§ Work instructions
Exact reproduction required: the lines below from the line with "Irish Duvet Cover" to the line with "Lucky Green Crystal", both ends included, and no others.

§ Given records
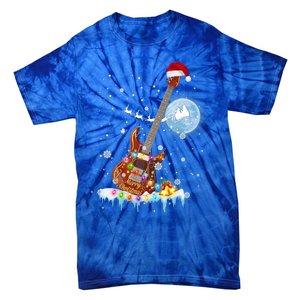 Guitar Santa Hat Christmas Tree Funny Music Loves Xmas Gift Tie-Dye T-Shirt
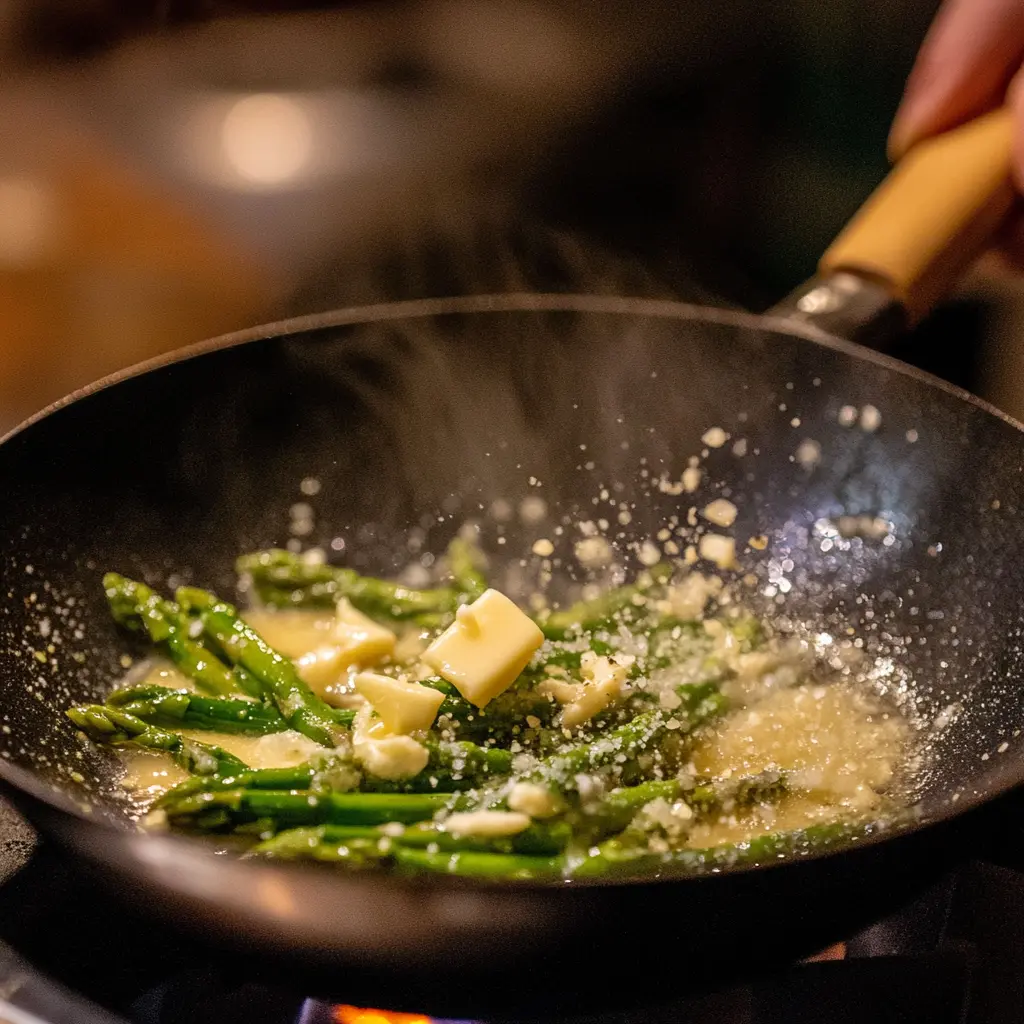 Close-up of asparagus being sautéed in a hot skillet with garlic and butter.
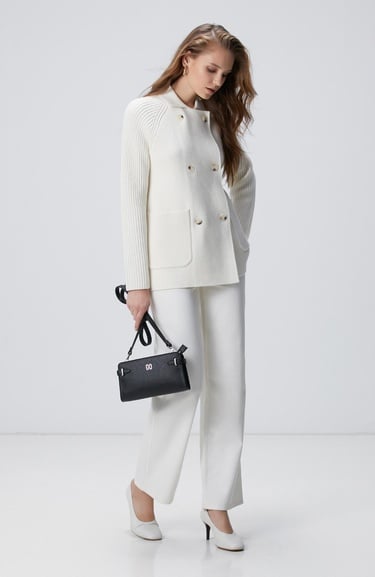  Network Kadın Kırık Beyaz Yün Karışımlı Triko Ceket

---

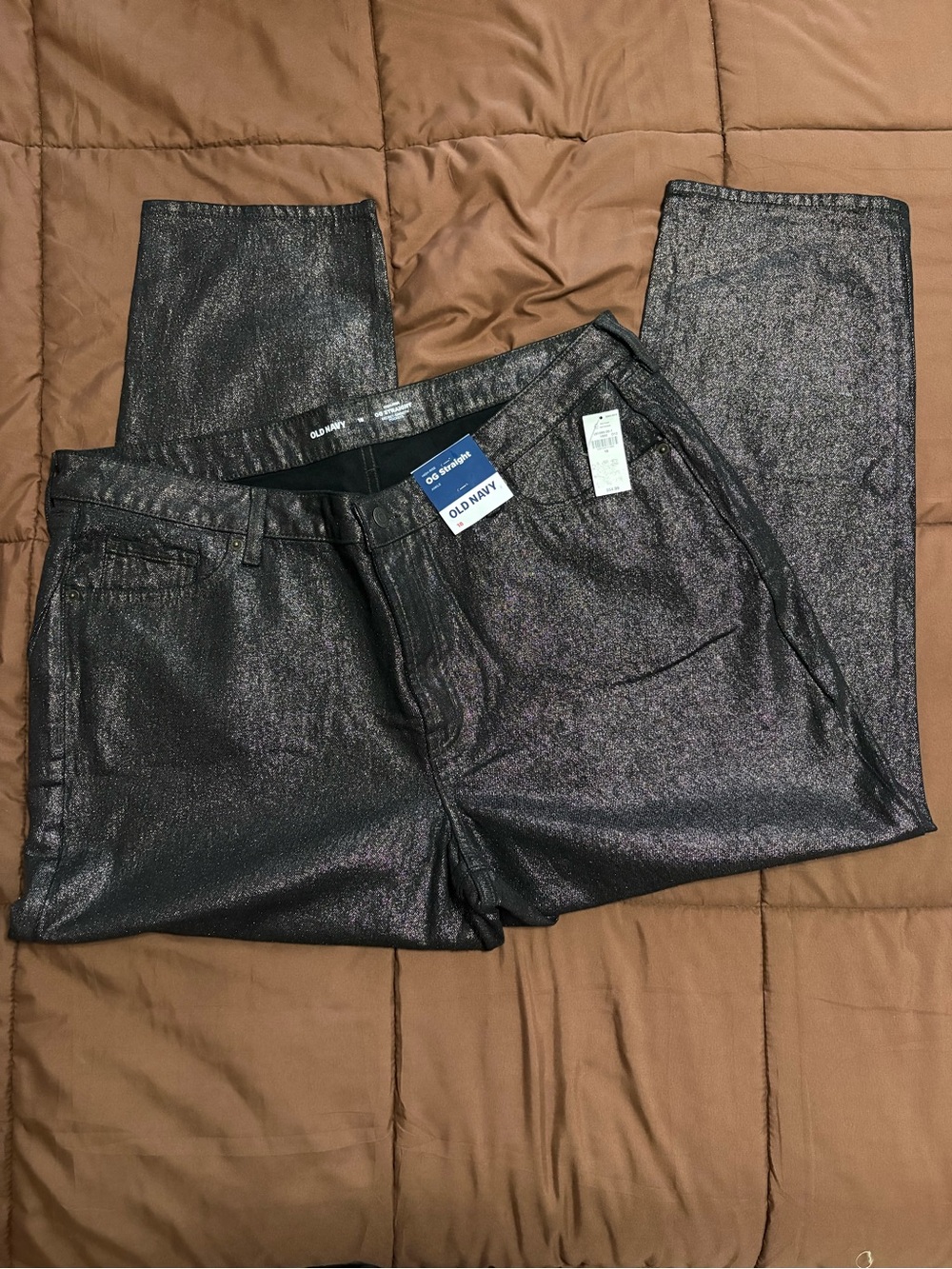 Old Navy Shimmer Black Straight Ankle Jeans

==

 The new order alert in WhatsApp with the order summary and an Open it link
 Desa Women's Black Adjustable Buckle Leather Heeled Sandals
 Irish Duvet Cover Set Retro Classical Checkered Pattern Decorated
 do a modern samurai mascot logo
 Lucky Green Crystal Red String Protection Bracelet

§ Task answer
 Irish Duvet Cover Set Retro Classical Checkered Pattern Decorated
 do a modern samurai mascot logo
 Lucky Green Crystal Red String Protection Bracelet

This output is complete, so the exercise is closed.